● **REQUIRED ACTION**
Give back an exact copy of the lines in the records below, from the line that has "1915 Old European" through the line that has "0.20 carat total", and nothing besides.

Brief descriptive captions
· · ·
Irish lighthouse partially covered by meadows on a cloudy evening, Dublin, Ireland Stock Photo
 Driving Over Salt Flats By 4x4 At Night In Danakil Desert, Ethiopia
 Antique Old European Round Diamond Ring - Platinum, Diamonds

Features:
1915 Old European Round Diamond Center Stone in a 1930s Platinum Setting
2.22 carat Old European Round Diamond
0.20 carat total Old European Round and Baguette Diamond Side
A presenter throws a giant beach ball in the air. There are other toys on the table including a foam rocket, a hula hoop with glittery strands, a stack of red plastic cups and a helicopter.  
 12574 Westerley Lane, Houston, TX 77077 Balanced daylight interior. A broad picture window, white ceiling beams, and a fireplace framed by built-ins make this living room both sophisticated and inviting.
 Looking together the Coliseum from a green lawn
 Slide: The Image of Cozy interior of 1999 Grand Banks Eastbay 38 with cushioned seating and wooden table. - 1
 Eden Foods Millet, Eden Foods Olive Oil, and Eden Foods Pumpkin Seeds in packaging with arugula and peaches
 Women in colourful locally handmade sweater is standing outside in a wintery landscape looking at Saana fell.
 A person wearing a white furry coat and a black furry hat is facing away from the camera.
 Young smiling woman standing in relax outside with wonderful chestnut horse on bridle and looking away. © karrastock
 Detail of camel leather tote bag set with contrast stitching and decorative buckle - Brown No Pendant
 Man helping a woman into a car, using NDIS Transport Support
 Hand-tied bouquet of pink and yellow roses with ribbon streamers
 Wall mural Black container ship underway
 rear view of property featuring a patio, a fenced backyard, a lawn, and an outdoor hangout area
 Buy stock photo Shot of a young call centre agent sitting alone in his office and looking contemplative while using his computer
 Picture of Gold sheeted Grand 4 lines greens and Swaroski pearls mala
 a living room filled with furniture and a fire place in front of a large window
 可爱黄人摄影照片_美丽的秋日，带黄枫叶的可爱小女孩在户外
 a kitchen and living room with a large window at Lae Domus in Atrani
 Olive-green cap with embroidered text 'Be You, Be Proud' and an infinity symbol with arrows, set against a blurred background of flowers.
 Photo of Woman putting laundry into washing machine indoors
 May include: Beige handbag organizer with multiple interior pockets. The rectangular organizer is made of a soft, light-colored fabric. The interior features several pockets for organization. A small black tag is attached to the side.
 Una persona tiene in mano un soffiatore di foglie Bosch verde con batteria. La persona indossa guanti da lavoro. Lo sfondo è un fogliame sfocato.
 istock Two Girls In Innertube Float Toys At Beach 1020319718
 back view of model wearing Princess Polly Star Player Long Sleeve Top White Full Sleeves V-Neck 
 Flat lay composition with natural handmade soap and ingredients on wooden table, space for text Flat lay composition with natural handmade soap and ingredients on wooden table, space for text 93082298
· · ·
● **TASK RESULT**
1915 Old European Round Diamond Center Stone in a 1930s Platinum Setting
2.22 carat Old European Round Diamond
0.20 carat total Old European Round and Baguette Diamond Side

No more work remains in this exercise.